Around June of 2023, I started really getting into running my own AI models. While I plan on creating a more introductory post regarding AI eventually, I figured I’d share a project I’ve been working on, and why I find AI so amazing.

What is AI?

AI stands for Artificial Intelligence [1]. It’s a class of Computer Science that allows for machines to learn much like humans learn - and that’s by seeing patterns in information, and essentially learning how to predict based off prior knowledge.

The analogy I gave in a recent presentation is we might learn a new language. Or, potentially easier, is how children learn their language from their parents. We as humans see patterns (be that how something is done, said, social conventions, etc.) and emulate those on a daily basis.

AI is basically allowing computers to do this.

The Project - What am I trying to accomplish?

I enjoy reading and studying, I’ve written quite a bit about it in the past [2] [3]. I don’t believe learning ends at finishing a book. You also need to memorize and implement the concepts in the book. I’ve recently been reading a book called “Generative AI with LangChain” [4], which is quite a good book on the current state of AI in general with very useful “forks” to other information.

Either way, around page 103 of the book talks about summarizing documents.
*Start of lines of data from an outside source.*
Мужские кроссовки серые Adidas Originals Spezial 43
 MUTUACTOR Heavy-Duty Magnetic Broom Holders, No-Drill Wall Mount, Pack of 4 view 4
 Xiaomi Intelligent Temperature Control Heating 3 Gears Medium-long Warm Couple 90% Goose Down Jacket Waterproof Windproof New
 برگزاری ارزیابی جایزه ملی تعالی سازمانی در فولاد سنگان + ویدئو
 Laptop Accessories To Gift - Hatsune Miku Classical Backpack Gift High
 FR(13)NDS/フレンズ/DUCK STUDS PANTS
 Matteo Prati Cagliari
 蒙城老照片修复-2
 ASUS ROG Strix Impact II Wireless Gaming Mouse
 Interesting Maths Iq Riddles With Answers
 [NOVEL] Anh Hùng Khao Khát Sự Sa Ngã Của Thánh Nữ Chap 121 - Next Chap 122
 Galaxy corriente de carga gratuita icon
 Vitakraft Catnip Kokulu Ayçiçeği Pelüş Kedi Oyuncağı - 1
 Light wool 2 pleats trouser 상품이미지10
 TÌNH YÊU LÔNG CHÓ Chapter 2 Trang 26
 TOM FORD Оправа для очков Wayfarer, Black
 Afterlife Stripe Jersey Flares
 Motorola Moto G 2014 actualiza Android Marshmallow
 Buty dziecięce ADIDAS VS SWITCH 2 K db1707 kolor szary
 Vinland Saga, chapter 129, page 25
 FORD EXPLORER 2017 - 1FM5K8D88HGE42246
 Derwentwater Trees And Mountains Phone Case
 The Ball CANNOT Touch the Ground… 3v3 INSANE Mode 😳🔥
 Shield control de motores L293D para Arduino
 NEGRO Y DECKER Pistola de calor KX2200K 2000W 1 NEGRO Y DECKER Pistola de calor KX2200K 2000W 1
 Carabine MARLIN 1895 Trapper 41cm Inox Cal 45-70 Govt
I’ve found the code provided in the Github repo [5] not particularly useful, but it did turn into an obsession of mine for a few days now learning about Map-Reduce [6], which I’ve developed a number of programs and notebooks off of. Which lead instinctively to generating Anki Decks.

What is Anki?

Anki [7] a program that helps with rote memorization, but also with remembering important concepts. These can be simple flashcards (which I think all students have created in some fashion), or Cloze sentences [8].

In Anki terms, a close sentence takes the format of something like:

A {{c1::cat}} is an adorable creature. It has {{c2::4}} legs, and often a {{c3::large, furry stomach}}.

In the above example, there are 3 flashcards created within Anki. They would be:

  1. A _____ is an adorable creature. It has 4 legs, and often a large, furry stomach.
  2. A cat is an adorable creature. It has _____ legs, and often a large, furry stomach.
  3. A cat is an adorable creature. It has 4 legs, and often a _____.

When I create flashcards, they’re almost entirely Cloze-based sentences. First, they’re more interesting and second you can test based off concepts instead of rote memorization. I could write an entire post on this concept and how it aids in learning.

Implementation of the Project, High Level.

The implementation had a few major phases, much of this is automated. There’s a human component at the beginning, and at the end.

  1. Obtaining the ePub (or PDF) - We need the file to start with. This can be obtained a number of ways.
  2. Convert to PDF (if source is not PDF) - The LangChain loader I’m using relies on PDFs to be the input. I’m tempted to take a different approach to #1 and #2.
  3. Splitting the Document - We have a context limit in LLMs, it can’t read the entire document. So the PDF Loader has an option to split the text into chunks.
  4. Summarize/Pull the Most Important Information - On each document “split”, we need to reduce the amount of tokens so we can feed it back into the model at the end.
  5. Final LLM call and Formatting - We take the information from #4 and feed it back into the model. Here’s where the best way we can format output happens.
  6. Create Anki Deck - This has multiple parts, but is relatively straightforward. We take the information from #5 and create our “cards” which then get inserted into our “deck”, which then gets imported into Anki.

The steps that are manual, in the above is primarily #1 and #2. The rest is entirely automated.

The whole process, graphically, is below:


Preparing the Data Set (Steps #1 and #2)

LangChain has many tools that help with this particular problem, and one category of tools is called “Document Loaders”. They take documents of various types (PDF, Text, Markdown, etc.) and can load and chunk the information. For this, I used the PDF loader [9].

But before I did that, I needed to prepare a PDF for loading. The book I have for “Generative AI with LangChain” is in ePub. I used Calibre [10] to convert the ePub to PDF. I then went through the PDF manually in, and pulled each chapter into their individual files. In the end, I had the following files:


The reason I chose to do it by chapter, vs the entire book are as follows:

  1. Easier to test - The more chunks I have to run, the longer this process takes. Even on quite advanced hardware, it’s not simple debugging the output. Smaller = better.
  2. Context Size - I really want to get as many flashcards as possible, as it’s easier for me to prune the ones I find of low quality. If I summarize “too much”, then I’ll lose a lot of definitions that otherwise would have been caught.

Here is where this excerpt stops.